Definition: Association Rule Mining is a Data Mining technique that finds patterns in data.
It is a rule based unsupervised machine learning task for discovering interesting relations between variables in large databases or transactions.
In Given set of transactions, it finds rules that will predict the occurrence of an item based on the occurrences of other items in the transaction.
The patterns found by Association Rule Mining represent relationships between items. When this is used with sales data, it is referred to as Market Basket Analysis.
Why Association Rules?
It helps businesses build sales strategies.
- Ultimately, the main objective of any business is to become profitable. This means, attracting more customers and improving their sales.
- By identifying products that sell better together, they can build better strategies. For instance, knowing that people who buy fries almost always buy Coke can be exploited to drive up sales.
- Attracting customers is a very important part of any business. Knowledge of what products sell together and which products don’t is key in building marketing strategies.

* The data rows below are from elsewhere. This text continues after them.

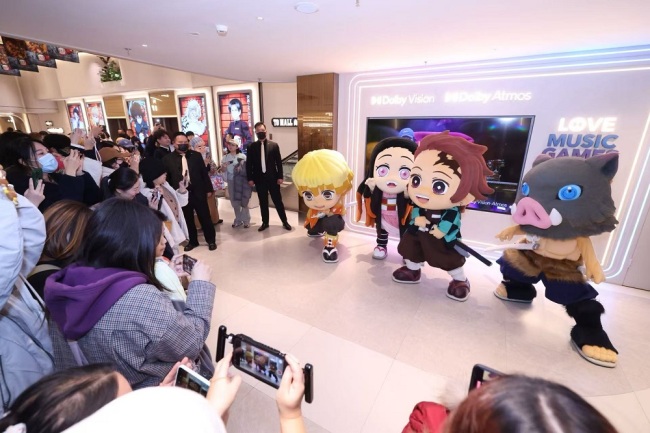 《鬼灭之刃:无限城篇 第一章 猗窝座再袭》首日票房破亿 刷新内地影史纪录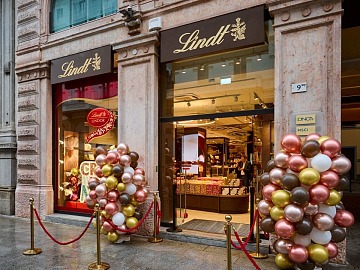 Il nuovo negozio Lindt & Sprüngli a Milano, il 38° in Italia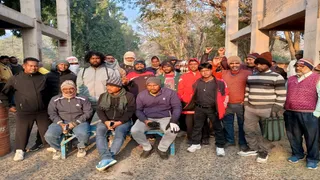 अपनी विभिन्न मांगों को लेकर विरोध प्रदर्शन करते जादूगोड़ा यूसिल प्लांट के ठेकाकर्मी।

- This includes the planning of sales and advertisements as well as targeted marketing. For example, the knowledge that some ornaments do not sell as well others during Christmas may help the manager offer a sale on the non-frequent ornaments.

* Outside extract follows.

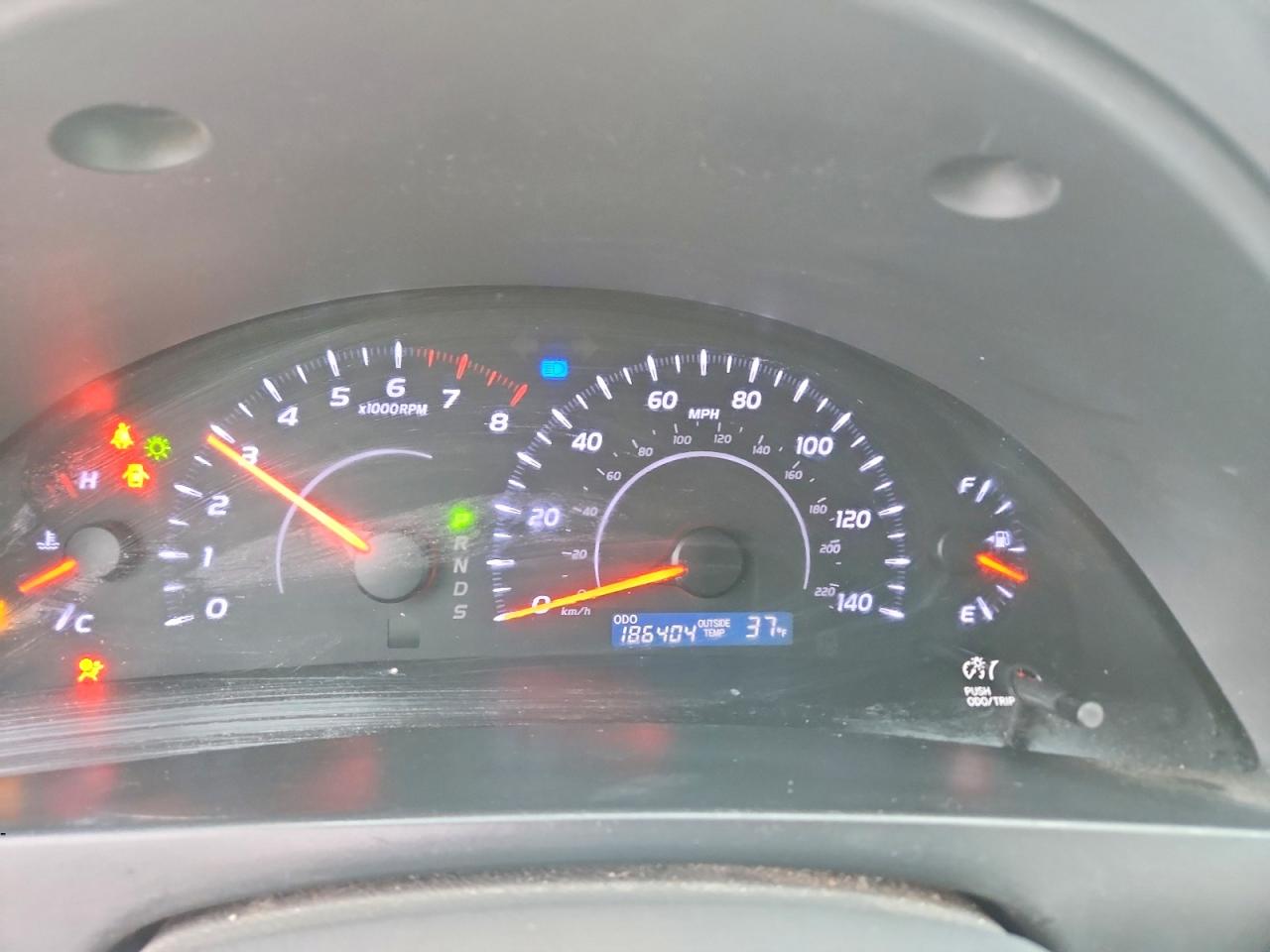 2010 TOYOTA CAMRY photo 25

It helps shelf-life planning.
- Knowledge of association rules can enable store managers to plan their inventory as well as ensure that they don’t lose out by overstocking low-selling perishables.
For instance, if olives don’t sell very often, the manager will not stock up on it. But he still wants to ensure that the existing stock sells before the expiration date. With the knowledge that people who buy pizza dough tend to buy olives, the olives can be offered at a lower price in combination with the pizza dough.
It helps the in-store organization.
- Products which are known to drive the sales of other products can be moved closer together in the store.
For instance, if the sale of butter is driven by the sale of bread, they can be moved to the same passage in the store.
Concepts used in Association Rule Mining :
Itemset(I): A collection of one or more items in any transaction is known as Itemset.
e.g., {milk, bread, jam}
Support Count (Freq): Frequency of occurrence of an itemset in the whole transaction is known as Support count.
e.g. {Milk, Bread}= 3 ({Soda, Chips}) = 4
Support (Supp{I}): The Fraction of transactions that contain an itemset is known as Support.
e.g. Supp ({Milk, Bread}) = 3/8, Supp ({Soda, Chips}) = 4/8
Frequent Itemset: An itemset whose support is greater than or equal to a minimum threshold are known as frequent Itemset.
Apriori Algorithm : Most basic Association Rule Mining algorithm
- The Apriori algorithm is considered one of the most basic Association Rule Mining algorithms.
- It works on the principle that “ Having prior knowledge of frequent itemsets can generate strong association rules. ”
- Apriori finds the frequent itemsets by a process called candidate itemset generation.
- This is an iterative approach, where k-itemsets are used to explore (k+1)-itemsets.
- First, the set of frequent 1-itemsets is found, then, frequent 2-itemsets, and so on, until no more frequent k-itemsets can be found.
- A Candidate k-itemset is an itemset with k items in it. Example: Candidate 2-itemset can be [bread, butter].
To improve the efficiency of the level-wise generation of frequent itemsets, an important property called the Apriori property, is used to reduce the search space. - The Apriori Property states that “All non-empty subsets of a frequent itemset must also be frequent.”
- This means that if there is a frequent item then, its subsets will also be frequent.
For instance, if [Bread, Butter] is a frequent itemset, it means that [Bread] and [Butter] must individually be frequent too.